Hades lhe fez ver isto, afinal, se Zeus, o irmão mais velho, tinha se apegado a um garoto, um tal de Ganimedes e o levado da fazenda para o Olimpo? E disse-lhe: “Quando a deusa do amor nos toca, rendemo-nos, sim, ou não?”

O Pai compreendeu o irmão, a responsabilidade final cabia a Afrodite, a invencível. Mas precisavam entrar em um acordo, pois a Mãe da moça ameaçava colocar fogo no mundo! E Zeus confidenciou ao irmão: “Parece que ela se confunde com a filha, não sabe viver separada, um horror!”

Mas o irmão também sabia que Hades jamais largara aquilo em que um dia pusera a mão, aliás, em todos os tempos, ninguém se recordava de que isto houvesse um dia acontecido. Também nunca se apaixonara, logo, a coisa agora era séria!

E para que o irmão soubesse, ele já cingira a sobrinha com os aparatos do matrimônio, e ela provara os grãos e os poderes da romã. Para falar a verdade, após a surpresa do rapto, Corina estava muito feliz, rainha de seu reino.

Disse também que reconhecia que Corina e a Mãe tinham uma relação muito forte, que a cada quatro palavras ditas, três eram sobre a mesma. A quarta sobre o amor conjugal!
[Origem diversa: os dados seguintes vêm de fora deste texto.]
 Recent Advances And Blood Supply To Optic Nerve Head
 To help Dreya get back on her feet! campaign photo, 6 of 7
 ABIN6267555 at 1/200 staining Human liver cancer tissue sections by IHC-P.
Esse ponto fez o Pai gritar “Eureka”, um percursor de Archimedes: “Achei”!

E todo Olimpo despertou com o estrondo de sua fala grossa!

“Pois Corina ficará no teu reino durante o inverno, bem guardadinha nas tuas carícias e na primavera, verão e outono, estará com a Mãe, semeando, cuidando das flores, dos campos e participando das colheitas”.

E estamos acordados, disse Zeus. Ainda não totalmente, retrucou o tio. Corina só será jovem enquanto permanecer com a Mãe. No meu reino, o das sombras, ela será Perséfone, a rainha que utiliza perfumes, cosméticos e tinturas para se disfarçar, assim como Máscaras, muitas Máscaras, para se apresentar aos homens na hora da morte de cada um deles!

Logo, a Mãe precisa saber que Corina será e não será a mesma, pois o uso de Máscaras modifica tanto pessoas quanto deuses! Assim falou Hades e partiu para seu próprio reino.

A Mãe, avisada do acordo, vibrou de felicidades. Sua filha, Corina, seria uma e muitas, compartiriam o mistério de serem duas e tantas! Além disso, estaria a seu lado por três quartos da vida.

Com o retorno de Demeter aos campo, toda a Terra voltou a cobrir-se de verde, as águas brotaram das fontes, as represas se encheram e os homens voltaram a plantar, colher, comer e a cantar. Era a Vida que tornava a se impor!

E a premunição de Demeter, quanto ao aquecimento global e a desertificação da Terra, tardaria ainda trinta séculos para se consumar! E ela voltaria a berrar! Afinal, Mãe é assim mesmo!

Extraído de “Contos de Máscaras”, de autoria de Carlos Russo Jr.